What Your Cholesterol Numbers Are Really Telling You
What Your Cholesterol Numbers Are Really Telling You
If you've ever received a cholesterol result with a flag next to it, you've probably experienced that quiet spike of worry. And if you've ever asked your doctor what it actually means, you may have walked away with more questions than answers.
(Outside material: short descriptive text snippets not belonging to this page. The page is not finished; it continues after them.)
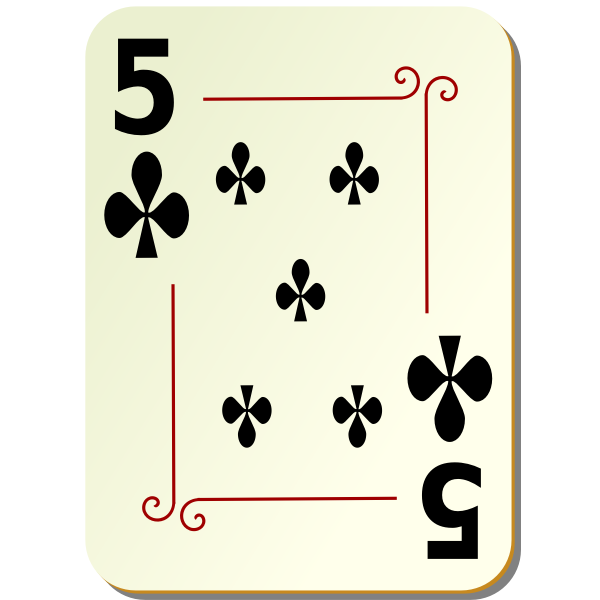 Five of clubs vector image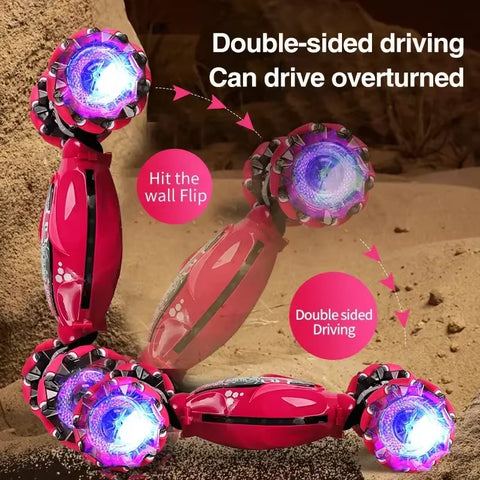 4WD Gesture-Controlled Stunt Drift Car with LED Lights – Twist & Transform RC Toy for Kids - Image 3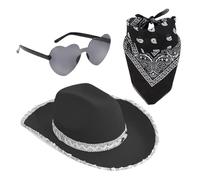 Générique Halloween Chapeau De Cowboy À Paillettes, 37 * 29 * 14 Cm Chapeau Cowboy Paillette, Comprend Des Lunettes Et Un Foulard, Peut Être Utilisé Comme Costume Sexy D'Halloween Pour Femmes
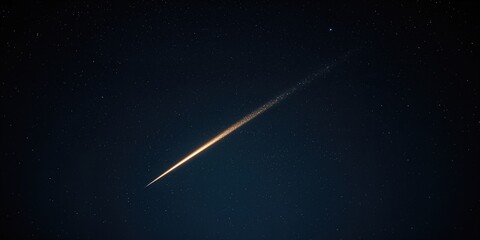 Meteorite fall against a starry night sky, celestial event for astronomy observation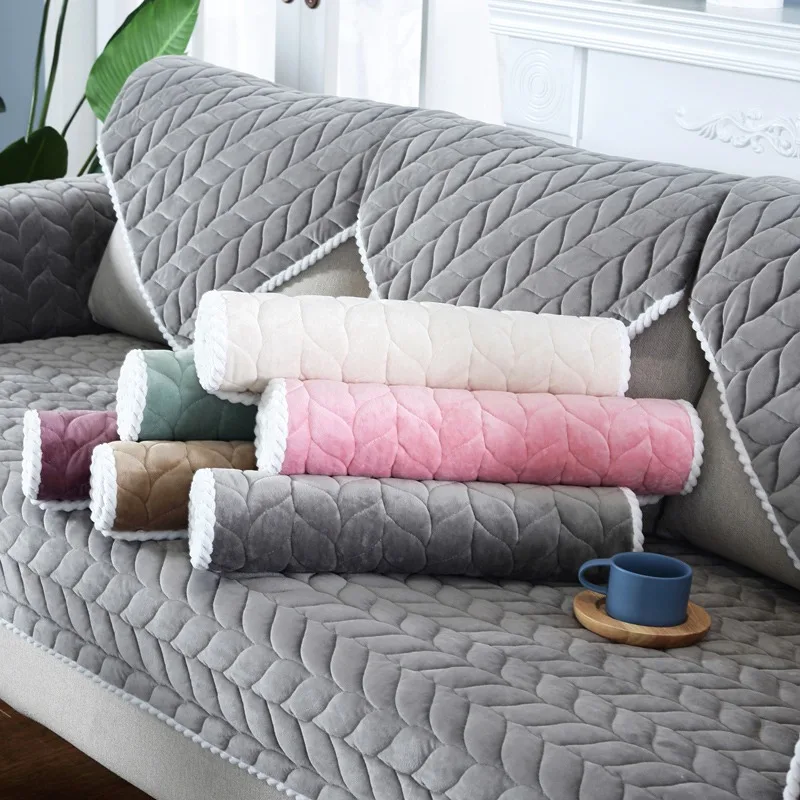 Thicken Short Plush Quilted Sofa Towel Lace Edge Non-slip Sofa Cover European Style Sectional L-shaped Couch Cover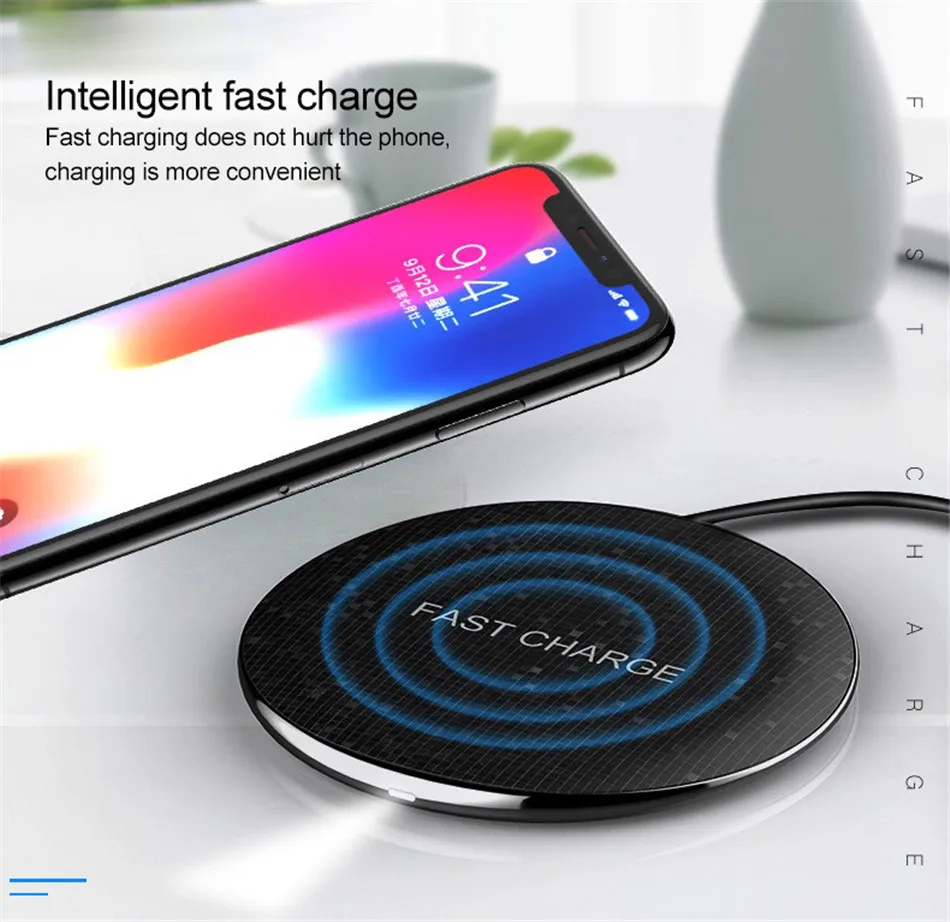 !ACCESS 10W Fast QI Wireless Charging Pad For iPhone X 8 Plus Samsung Galaxy S6 S8 S7 Note 8 Mobile Ultra-thin Wireless Charger (4)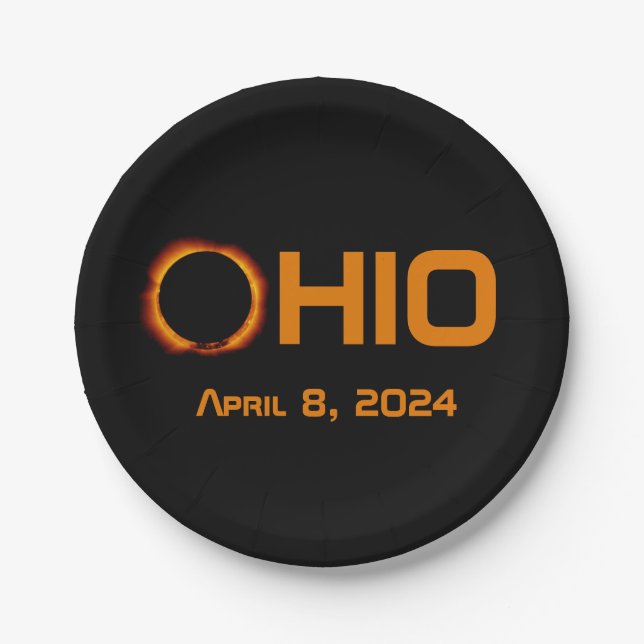 Ohio 2024 Total Solar Eclipse  Paper Plates (Front)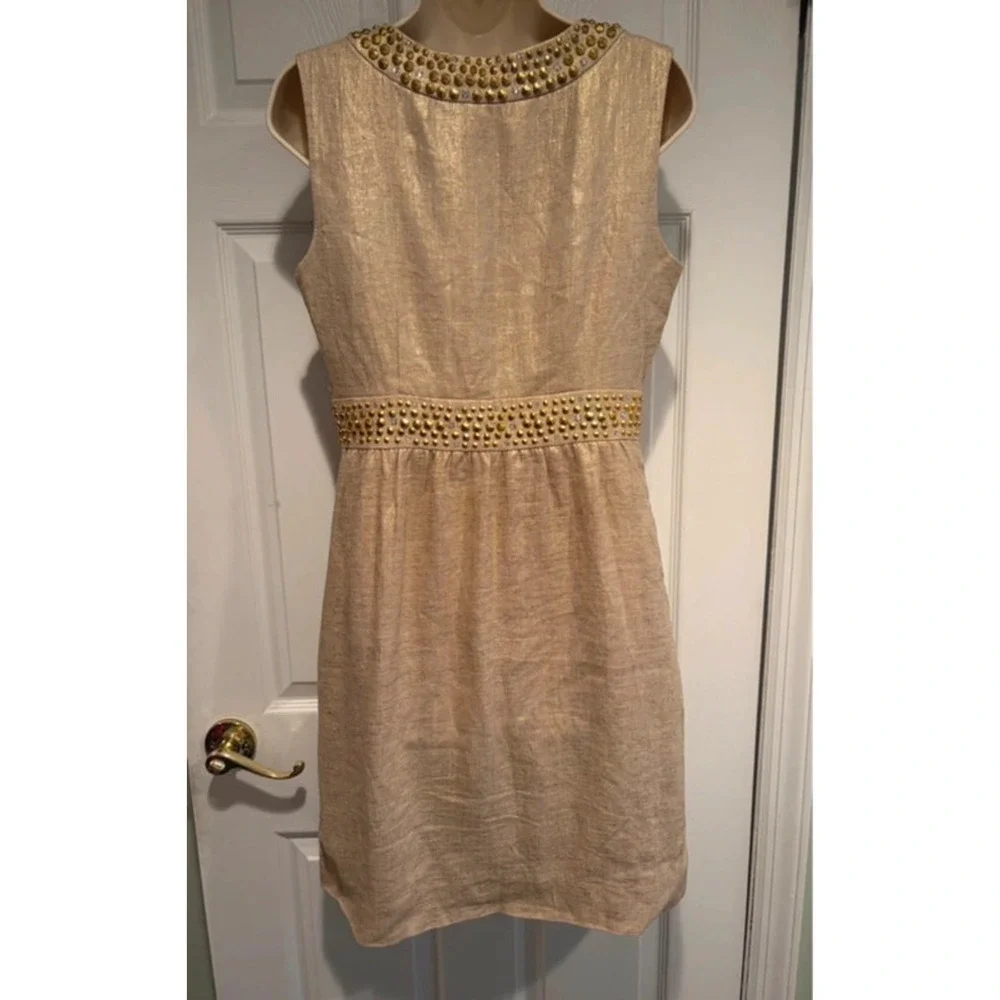 Kate Spade New York Gold Metallic Linen Studded Sheath Dress NJMU1225 Womens 4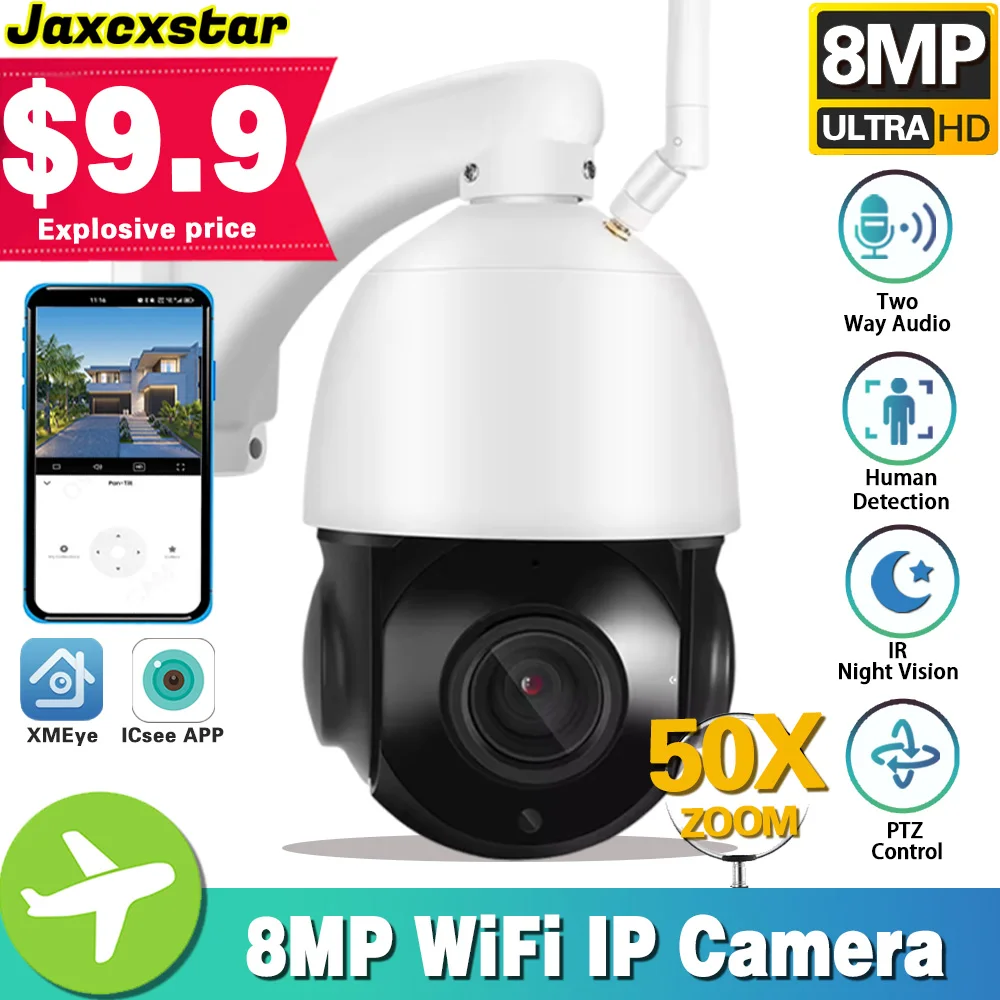 

8MP Wif PTZ IP Security Camera Outdoor 2 Way audio CCTV Speed Dome Camera Video Surveillance System 4K Wireless 50X Zoom ICSEE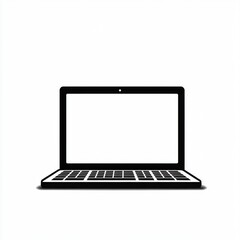 Poster - Minimalist black laptop illustration on a clean white background, perfect for tech-related designs.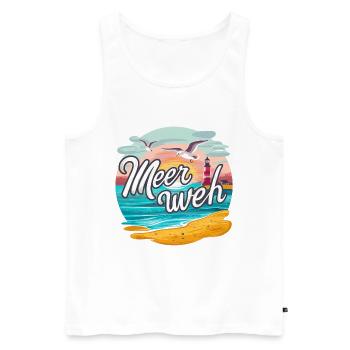 Meerweh - Männer Premium Bio Tank Top - Weiß - Vorne - Michal (187cm)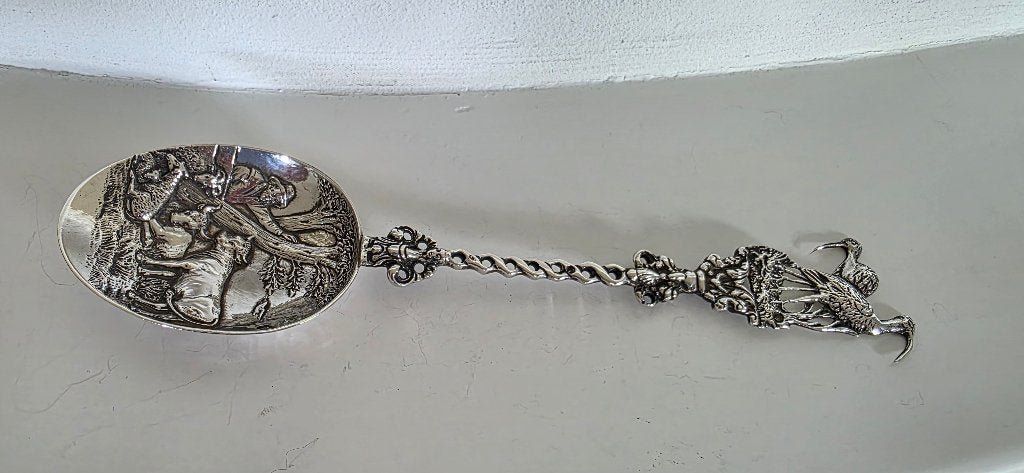 Zilveren Geboortelepel, Aldert Schoorl Haarlem  l. 24,5 cm., Antiek en Kunst, Antiek | Goud en Zilver, Ophalen of Verzenden, Zilver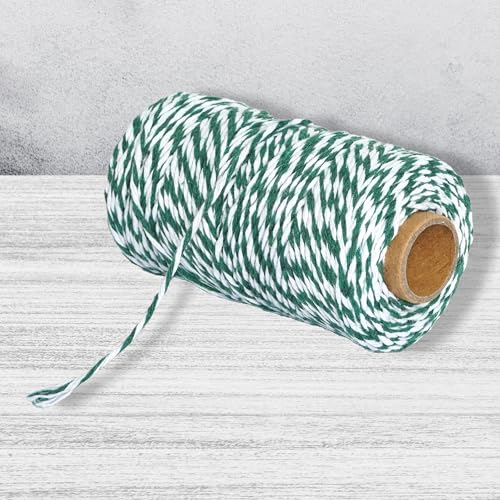 Green and White Butchers Twine – 328Ft 2mm Food Safe Cotton Cooking Twine String for Trussing Turkey, Roasting, Baking, Tying Meat, Pumpkin Bread, Kitchen Use, Christmas Decorations and Gift Wrapping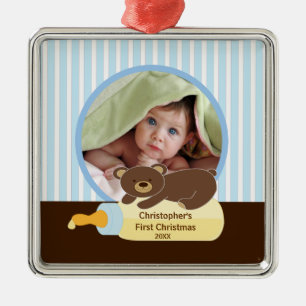 Babys Erste Weihnachtszeit Foto Ornament Bären Fla Aus Metall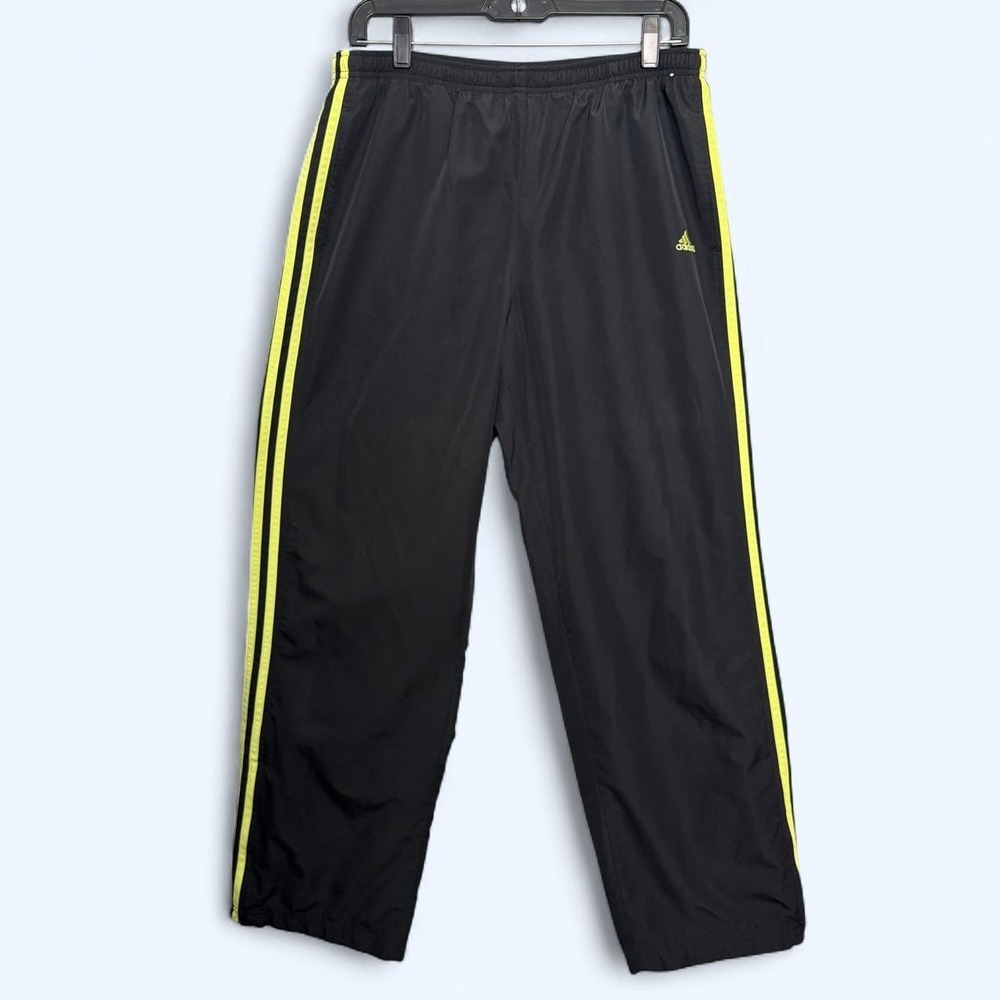 Vintage 2007 Adidas Men's L Black Yellow 3-Stripe Track Pants Y2K Windbreaker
The conversation around cholesterol has been one of the most oversimplified in modern medicine. For decades, the message was straightforward: high cholesterol is dangerous, low cholesterol is safe, and statins bridge the gap. But the science has moved well beyond that framing, and understanding what cholesterol actually does in the body opens up a far more useful conversation about your health.

Cholesterol Is Not The Enemy
Cholesterol is a waxy, fat-like substance produced primarily by the liver, with a smaller portion coming from the foods you eat. Every cell in your body depends on it. It forms the structural backbone of cell membranes, gives them the fluidity and flexibility they need to function, and acts as a precursor for some of the most important molecules in the body, including vitamin D, bile acids for digestion, and all of your major steroid hormones.
Without cholesterol, your body simply could not work. This is why the liver regulates its production so tightly, increasing output when dietary intake drops and scaling back when intake rises. It's a highly adaptive system, not a passive accumulation of a harmful substance.
The cholesterol in your bloodstream travels in carrier molecules called lipoproteins, and it's here that the nuance begins. LDL (low-density lipoprotein) carries cholesterol from the liver out to the tissues. HDL (high-density lipoprotein) helps return it to the liver for recycling or excretion. Triglycerides, another key marker, reflect how the body is handling dietary carbohydrates and fats, and elevated levels are increasingly understood as a meaningful signal of metabolic stress.
When Cholesterol Runs High
Elevated LDL cholesterol, particularly when accompanied by small, dense LDL particles, low HDL, and high triglycerides, can contribute to a pattern of cardiovascular risk. This is well-established in the research. But context matters enormously. A person with high LDL, optimal HDL, low triglycerides, no insulin resistance, no inflammation, and no family history sits in a very different risk category than someone whose LDL is only moderately elevated alongside all of those other markers.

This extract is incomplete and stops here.